■ **Exercise directions**
Restate the full set of records exactly, without adding or dropping a word.

■ **Data under study**

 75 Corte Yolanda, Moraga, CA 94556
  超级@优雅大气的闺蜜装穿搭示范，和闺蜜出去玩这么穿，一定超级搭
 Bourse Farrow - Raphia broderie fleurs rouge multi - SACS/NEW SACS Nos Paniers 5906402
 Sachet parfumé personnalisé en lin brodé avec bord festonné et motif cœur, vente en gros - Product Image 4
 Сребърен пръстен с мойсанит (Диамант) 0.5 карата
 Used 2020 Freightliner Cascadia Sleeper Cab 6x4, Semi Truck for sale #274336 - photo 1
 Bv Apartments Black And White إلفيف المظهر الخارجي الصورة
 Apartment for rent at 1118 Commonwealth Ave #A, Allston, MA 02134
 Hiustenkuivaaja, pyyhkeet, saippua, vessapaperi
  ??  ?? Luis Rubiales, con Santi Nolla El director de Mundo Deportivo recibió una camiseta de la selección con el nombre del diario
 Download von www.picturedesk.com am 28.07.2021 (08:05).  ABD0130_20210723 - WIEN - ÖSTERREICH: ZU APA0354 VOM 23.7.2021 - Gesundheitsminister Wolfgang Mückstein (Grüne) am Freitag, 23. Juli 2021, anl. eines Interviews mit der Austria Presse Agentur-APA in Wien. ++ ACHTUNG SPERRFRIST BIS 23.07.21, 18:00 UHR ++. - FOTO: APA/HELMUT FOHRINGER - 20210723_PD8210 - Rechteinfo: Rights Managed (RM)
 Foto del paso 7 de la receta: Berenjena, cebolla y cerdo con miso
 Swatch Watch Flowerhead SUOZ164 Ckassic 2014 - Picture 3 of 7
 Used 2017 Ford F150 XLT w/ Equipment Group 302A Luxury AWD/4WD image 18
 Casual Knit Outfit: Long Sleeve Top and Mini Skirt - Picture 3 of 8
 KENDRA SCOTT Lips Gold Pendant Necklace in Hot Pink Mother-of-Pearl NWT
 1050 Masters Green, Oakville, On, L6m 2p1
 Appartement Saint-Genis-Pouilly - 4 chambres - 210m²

■ **Task answer**
 75 Corte Yolanda, Moraga, CA 94556
  超级@优雅大气的闺蜜装穿搭示范，和闺蜜出去玩这么穿，一定超级搭
 Bourse Farrow - Raphia broderie fleurs rouge multi - SACS/NEW SACS Nos Paniers 5906402
 Sachet parfumé personnalisé en lin brodé avec bord festonné et motif cœur, vente en gros - Product Image 4
 Сребърен пръстен с мойсанит (Диамант) 0.5 карата
 Used 2020 Freightliner Cascadia Sleeper Cab 6x4, Semi Truck for sale #274336 - photo 1
 Bv Apartments Black And White إلفيف المظهر الخارجي الصورة
 Apartment for rent at 1118 Commonwealth Ave #A, Allston, MA 02134
 Hiustenkuivaaja, pyyhkeet, saippua, vessapaperi
  ??  ?? Luis Rubiales, con Santi Nolla El director de Mundo Deportivo recibió una camiseta de la selección con el nombre del diario
 Download von www.picturedesk.com am 28.07.2021 (08:05).  ABD0130_20210723 - WIEN - ÖSTERREICH: ZU APA0354 VOM 23.7.2021 - Gesundheitsminister Wolfgang Mückstein (Grüne) am Freitag, 23. Juli 2021, anl. eines Interviews mit der Austria Presse Agentur-APA in Wien. ++ ACHTUNG SPERRFRIST BIS 23.07.21, 18:00 UHR ++. - FOTO: APA/HELMUT FOHRINGER - 20210723_PD8210 - Rechteinfo: Rights Managed (RM)
 Foto del paso 7 de la receta: Berenjena, cebolla y cerdo con miso
 Swatch Watch Flowerhead SUOZ164 Ckassic 2014 - Picture 3 of 7
 Used 2017 Ford F150 XLT w/ Equipment Group 302A Luxury AWD/4WD image 18
 Casual Knit Outfit: Long Sleeve Top and Mini Skirt - Picture 3 of 8
 KENDRA SCOTT Lips Gold Pendant Necklace in Hot Pink Mother-of-Pearl NWT
 1050 Masters Green, Oakville, On, L6m 2p1
 Appartement Saint-Genis-Pouilly - 4 chambres - 210m²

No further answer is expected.